→ ACTIVITY
Take the line that contains "Stefania Pifferi - IKEBANA" and each one after it through the last line below, and retype them exactly. Leave out the pictures.

→ COLLECTED DATA
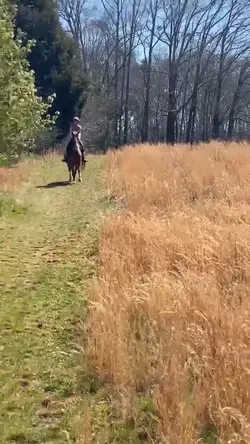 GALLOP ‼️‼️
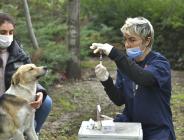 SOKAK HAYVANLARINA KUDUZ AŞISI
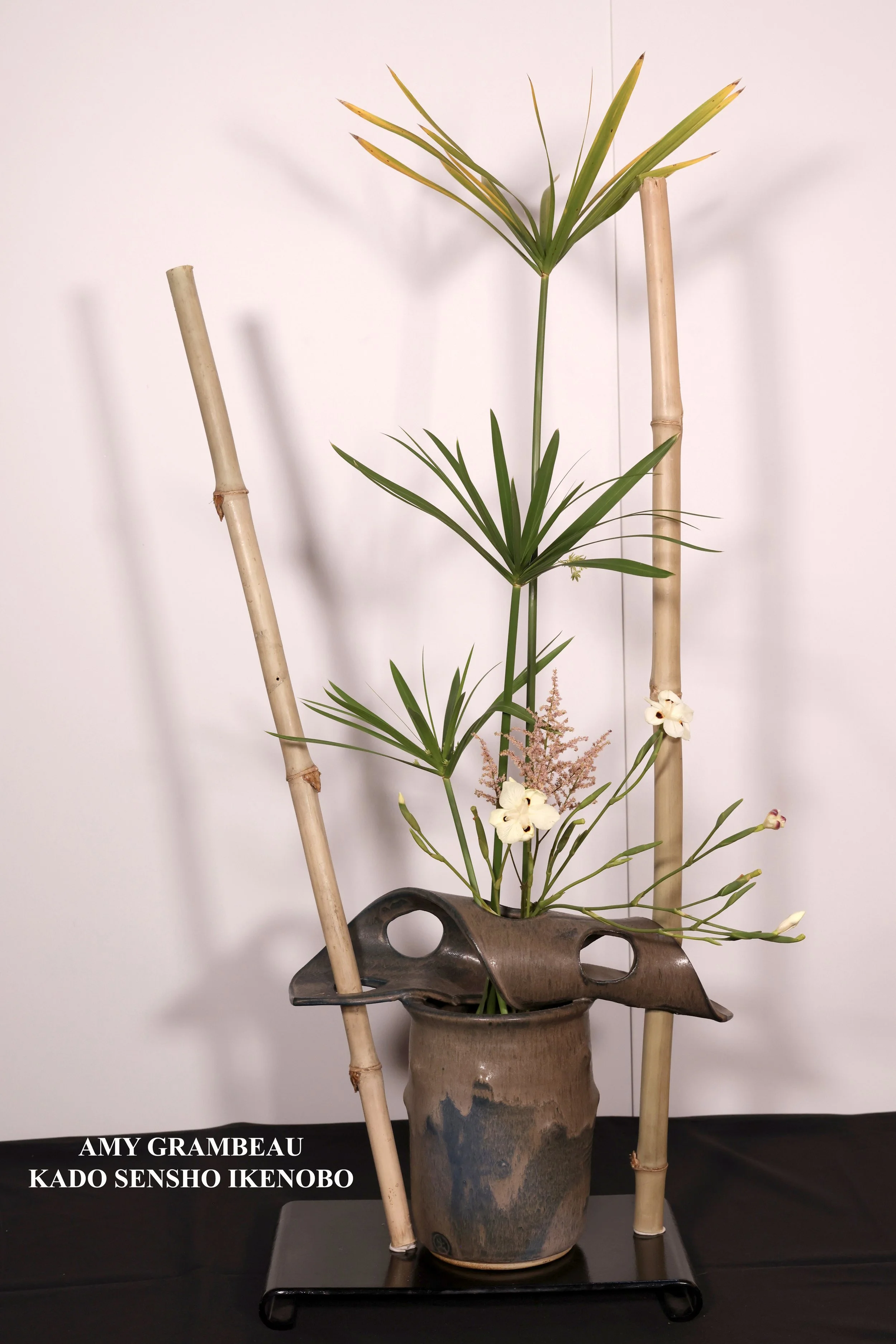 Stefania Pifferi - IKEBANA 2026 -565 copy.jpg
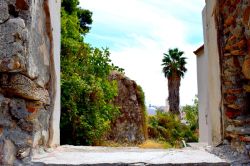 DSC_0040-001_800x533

→ FINISHED EXERCISE
 Stefania Pifferi - IKEBANA 2026 -565 copy.jpg
 DSC_0040-001_800x533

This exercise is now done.